◆ **Work task**: Character for character, give back every line below.

Top of Information given

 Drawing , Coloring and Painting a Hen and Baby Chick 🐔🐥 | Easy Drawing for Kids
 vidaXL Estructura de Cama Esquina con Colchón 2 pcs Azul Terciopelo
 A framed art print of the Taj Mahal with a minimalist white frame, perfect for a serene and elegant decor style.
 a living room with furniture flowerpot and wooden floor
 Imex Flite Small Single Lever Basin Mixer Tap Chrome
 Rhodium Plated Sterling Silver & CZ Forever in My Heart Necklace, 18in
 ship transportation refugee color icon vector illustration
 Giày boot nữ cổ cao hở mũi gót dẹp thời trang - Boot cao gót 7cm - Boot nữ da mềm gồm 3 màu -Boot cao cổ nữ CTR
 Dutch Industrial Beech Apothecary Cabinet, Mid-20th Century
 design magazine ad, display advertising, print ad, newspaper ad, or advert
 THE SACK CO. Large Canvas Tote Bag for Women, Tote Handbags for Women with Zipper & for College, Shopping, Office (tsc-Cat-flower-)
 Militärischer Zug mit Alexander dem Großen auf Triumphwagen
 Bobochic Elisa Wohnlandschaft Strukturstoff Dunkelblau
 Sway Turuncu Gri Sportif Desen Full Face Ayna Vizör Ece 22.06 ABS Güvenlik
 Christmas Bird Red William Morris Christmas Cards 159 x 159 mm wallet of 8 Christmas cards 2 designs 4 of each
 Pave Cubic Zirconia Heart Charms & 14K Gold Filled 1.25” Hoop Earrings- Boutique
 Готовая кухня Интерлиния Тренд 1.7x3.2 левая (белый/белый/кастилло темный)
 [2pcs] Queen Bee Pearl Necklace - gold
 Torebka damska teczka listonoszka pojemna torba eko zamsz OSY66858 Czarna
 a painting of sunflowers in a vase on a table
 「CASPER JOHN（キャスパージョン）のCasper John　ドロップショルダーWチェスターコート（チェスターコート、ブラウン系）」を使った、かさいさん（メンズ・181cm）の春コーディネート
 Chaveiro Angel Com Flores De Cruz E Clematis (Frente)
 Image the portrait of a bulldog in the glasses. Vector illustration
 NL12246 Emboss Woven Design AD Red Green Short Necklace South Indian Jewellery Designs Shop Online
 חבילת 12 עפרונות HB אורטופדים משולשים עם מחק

Bottom of Information given

◆ **Worked solution**:
 Drawing , Coloring and Painting a Hen and Baby Chick 🐔🐥 | Easy Drawing for Kids
 vidaXL Estructura de Cama Esquina con Colchón 2 pcs Azul Terciopelo
 A framed art print of the Taj Mahal with a minimalist white frame, perfect for a serene and elegant decor style.
 a living room with furniture flowerpot and wooden floor
 Imex Flite Small Single Lever Basin Mixer Tap Chrome
 Rhodium Plated Sterling Silver & CZ Forever in My Heart Necklace, 18in
 ship transportation refugee color icon vector illustration
 Giày boot nữ cổ cao hở mũi gót dẹp thời trang - Boot cao gót 7cm - Boot nữ da mềm gồm 3 màu -Boot cao cổ nữ CTR
 Dutch Industrial Beech Apothecary Cabinet, Mid-20th Century
 design magazine ad, display advertising, print ad, newspaper ad, or advert
 THE SACK CO. Large Canvas Tote Bag for Women, Tote Handbags for Women with Zipper & for College, Shopping, Office (tsc-Cat-flower-)
 Militärischer Zug mit Alexander dem Großen auf Triumphwagen
 Bobochic Elisa Wohnlandschaft Strukturstoff Dunkelblau
 Sway Turuncu Gri Sportif Desen Full Face Ayna Vizör Ece 22.06 ABS Güvenlik
 Christmas Bird Red William Morris Christmas Cards 159 x 159 mm wallet of 8 Christmas cards 2 designs 4 of each
 Pave Cubic Zirconia Heart Charms & 14K Gold Filled 1.25” Hoop Earrings- Boutique
 Готовая кухня Интерлиния Тренд 1.7x3.2 левая (белый/белый/кастилло темный)
 [2pcs] Queen Bee Pearl Necklace - gold
 Torebka damska teczka listonoszka pojemna torba eko zamsz OSY66858 Czarna
 a painting of sunflowers in a vase on a table
 「CASPER JOHN（キャスパージョン）のCasper John　ドロップショルダーWチェスターコート（チェスターコート、ブラウン系）」を使った、かさいさん（メンズ・181cm）の春コーディネート
 Chaveiro Angel Com Flores De Cruz E Clematis (Frente)
 Image the portrait of a bulldog in the glasses. Vector illustration
 NL12246 Emboss Woven Design AD Red Green Short Necklace South Indian Jewellery Designs Shop Online
 חבילת 12 עפרונות HB אורטופדים משולשים עם מחק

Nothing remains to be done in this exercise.